Arsenal recorded their first league win for 55 days as a much changed Arsenal side ran out 3-1 winners over Frank Lampard’s Chelsea. It was a game that ended a lot of bad runs, as not only did the Gunners end their second longest winless run in Premier League history, but they also scored more than 1 goal in a game for the first time since a 2-1 win over Sheffield United on the 4th of October. Hopefully a victory against a ‘Big 6’ rival can prove to be the catalyst that reignites Arsenal’s season.
Let’s delve into the data and see if we can gain any more insight from a brilliant St. Stephens Day win.
The above graph shows the PV Gameflow and Cumulative PVA from Saturday’s victory. Arsenal mostly dominated the opening proceedings, even though Chelsea were still able to progress the ball well, but Frank Lampard’s side really began to trouble Arsenal mid-way through the second half. Now I’m sure we’ve all become very familiar with the idea of ‘Gamestate’ in recent weeks, but there is definitely an argument to be made that Chelsea’s late dominance came as a result of Arsenal being 3-0 up after 56 minutes and being afforded the luxury of sitting back to defend a 3 goal lead. Arsenal did a much better job of converting good PV into good chances as we recorded an xG of 1.93 (from Scott’s By The Numbers) and recorded our 2nd highest shot total of the league campaign so far. While Arsenal were no doubt helped by Chelsea having a very poor start to the game it is very encouraging to see Arsenal’s more youthful side taking the game to a side who were heavy favourite’s coming into Saturday’s game.

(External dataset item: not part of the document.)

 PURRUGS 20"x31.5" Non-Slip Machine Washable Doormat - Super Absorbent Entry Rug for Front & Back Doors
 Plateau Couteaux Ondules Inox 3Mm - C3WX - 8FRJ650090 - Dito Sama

The above shows the Pass Maps for each of the starting XI from Saturday’s game. What is notable is how much Emile Smith Rowe helped Arsenal create overloads on the left. The 20 year old Hale End graduate combined brilliantly with Gabriel Martinelli and Kieran Tierney all game, with the 3v2 numerical advantage they had on the left wing being the source of most of Arsenal’s dangerous play prior to the substitution of Smith Rowe. What is also notable are the significantly lower than normal pass completion percentages from most of the Arsenal XI, with the Gunners seemingly more willing to try riskier passes as their confidence grew after a good start. Arsenal also had a much more active presence in central attacking areas, with Smith Rowe, Lacazette and Saka all occupying these spaces and getting in behind the Chelsea midfield consistently.
Passing networks pic.twitter.com/OR2E1Ty08J
— Scott Willis (@oh_that_crab) December 26, 2020
The above tweet show the Passing Networks for the game (made by the brilliant Scott Willis). It shows just how closely linked, Martinelli, Smith Rowe and Tierney were with Bukayo Saka, Alex Lacazette and Hector Bellerin almost replicating this on the other side. These close triangles allow Arsenal to create natural attacking rotations and pulled Chelsea defenders out of position leading to space being created in behind (read Lewis’ Tactics Column for more in depth analysis of this here). If Arsenal can continue to replicate a shape like this, then chance creation will become much less of an issue in future.
As I said earlier, Arsenal managed to occupy central areas in attack much more frequently than we have of late. This is emphasised by the above ‘Zone 14’ pass maps for both sides. Arsenal managed 12 passes from ‘Zone 14’ (the area an Attacking Midfielder would usually take up) which allowed Arsenal to have variety in their attack. These Zone 14 passes forced Chelsea to narrow their defensive width slightly which allowed Kieran Tierney and Hector Bellerin to push into a lot of space out wide. To see this coinciding with the introduction of Emile Smith Rowe shows that if Arsenal can continue to find ways to involve him, that we may be able to consistently threaten opposition defences.
The above shows the successful passes into the penalty area from Saturday’s game. Chelsea resorted to crossing from the right wing (something we’ve seen plenty of as Arsenal fans) and the introduction of Callum Hudson-Odoi meant these crosses were much more threatening later in the game. Arsenal’s left-hand side again proved to be our best method of getting the ball into the box.
The last thing I would like to highlight is the intensity of pressing that our young trio behind Lacazette showed. The trio gave Arsenal an intensity and speed of pressing we haven’t seen for months as the Chelsea defence could not find a way past the press in the first half. Mikel Arteta may find it difficult to justify dropping any of the three as the performances they put in are surely worthy of a run in the team.
That’s all for today, and it’s on to Brighton at the AMEX on Tuesday in what looks a much more winnable game after Saturday’s events.